The CMYK color space is used instead of RGB by printers. RGB (red, green, and blue) is created with light; CMYK (cyan, magenta, yellow, and black) is created with ink that absorbs the different light waves, effectively displaying what remains. However, when it comes to CMYK vs. Pantone, the answer as to why printers prefer the former is more complex.

Utilizing the CMYK color space involves printing with four plates, one on top of the other. Each is made up of different tones of one color so that, when it’s combined with the other three, many result. When a customer requests a Pantone value, ink has to be specially mixed. So, put simply, Pantone printing is costlier, especially when more than one color has been requested for a job, especially when it doesn’t pay off as much to prep the press if that job is small.

That isn’t to say printing Pantone colors is impossible. A close CMYK conversion is simply the path of least resistance where, if the customer is not dead set on a specific Pantone shade, it might be the best option available.

Providing a Drawdown Proof

Colors don’t appear the same on different surfaces or substrates. Adjustments are unavoidable. So, in addition to a hard copy, printers will also provide customers with a drawdown proof upon request.  The drawdown is essentially a sample of the ink without the artwork, but on the actual substrate on which it will ultimately appear.
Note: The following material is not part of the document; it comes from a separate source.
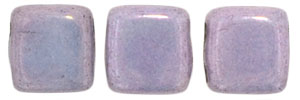 CzechMates Tile Bead 6mm (loose) : Luster - Metallic Amethyst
As such, the drawdown proof is an indispensable tool that alleviates customer concerns.

Using a Spectrophotometer

A spectrophotometer is a device that checks the color bar, the strip of colors across one side of the press sheet. Spectrophotometers ensure color consistency the length of a job. Inline (on the press) and handheld incarnations exist, but, whichever type, they have become industry staples.
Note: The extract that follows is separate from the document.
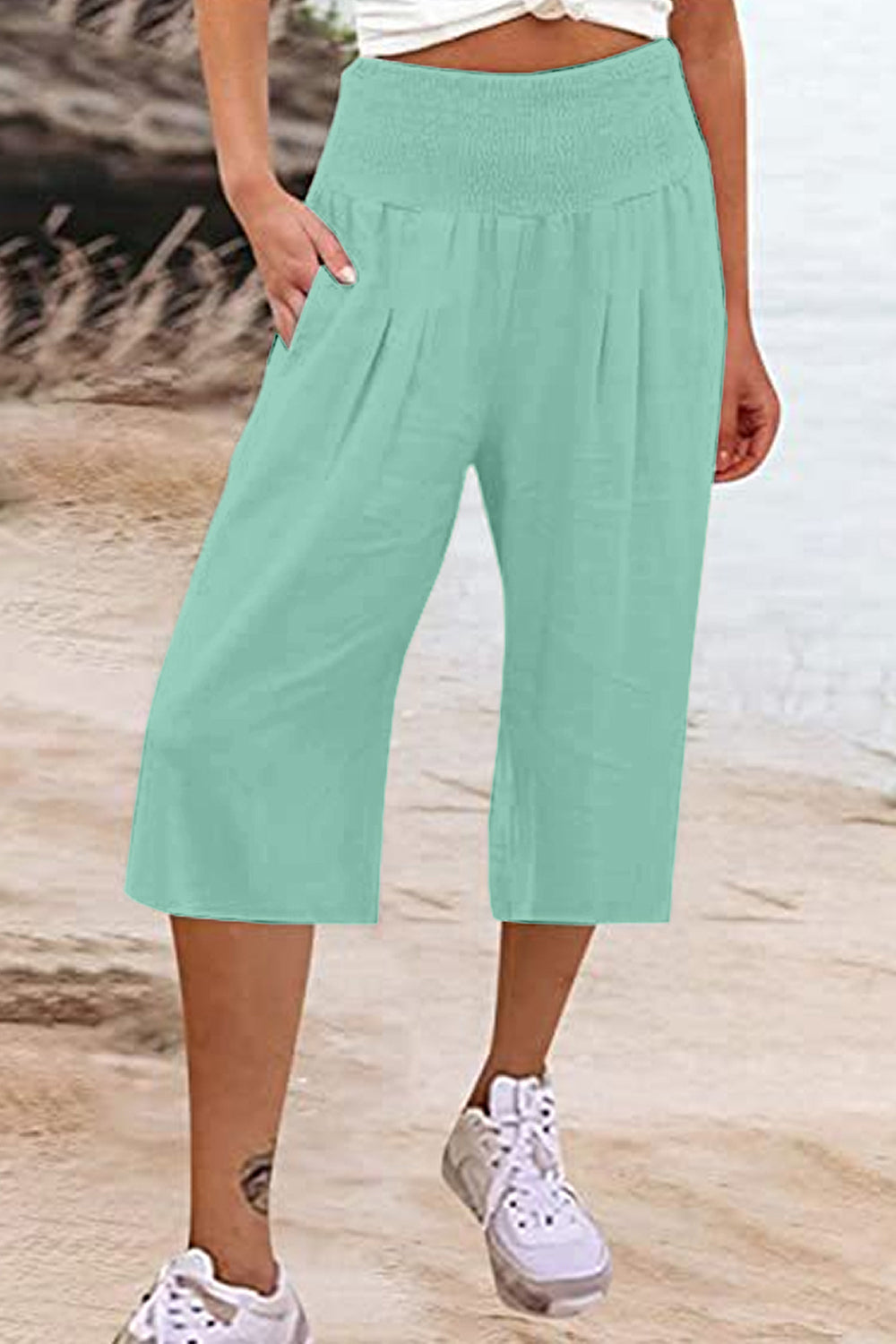 Honeybee Mumford's Pocketed High Waist Pants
Ideally, instead of checking the color bar, which doesn’t even make it into customer’s hands, the artwork’s color accuracy would be verified instead. As a result, handhelds, which can be picked up and placed at different positions, have their benefits. By the same token, in the event of repeats, it’s unrealistic to inspect the same exact point at each position to be measured if it’s continually lifted up and placed back down. That’s where a digital solution, which could bookmark points to be automatically inspected on loaded repeats, might be advantageous.

Spectrophotometers nevertheless won’t be replaced. Using each to complement one another gives printers the best of both worlds, though: The convenience of a digital solution to check the color of entire jobs in a fraction of the time and the accuracy of a spectrophotometer, which can double-check potential differences when something is detected as being amiss.

Providing Confirmation of Color Inspection

One arguable limitation of spectrophotometers is the lack of a generated report of its findings. Printers are forced to give verbal or written confirmation, leaving customers to have to take them at their word or delay going to market by spending time manually checking the color themselves.

In contrast, a report, which a digital solution would generate, gives customers proof all color points were verified. It wouldn’t simply provide confirmation, but also the individual CMYK, LAB, RGB, and Pantone values at each point, leaving the customer justified in going straight to production.

A report would improve communication between the printer and customer. Not only would the customer receive certification as to the accuracy of the color, but the level of trust between the two parties would arguably improve. The customer would at least trust the process to a greater degree as there would no longer be a gap in the workflow.

As long as the customer is satisfied with the end result, they’re likely to continue to do business with the same printer moving. That not only means a satisfied customer, but more business for the printer. That’s the undeniably optimal outcome of following the above best practices.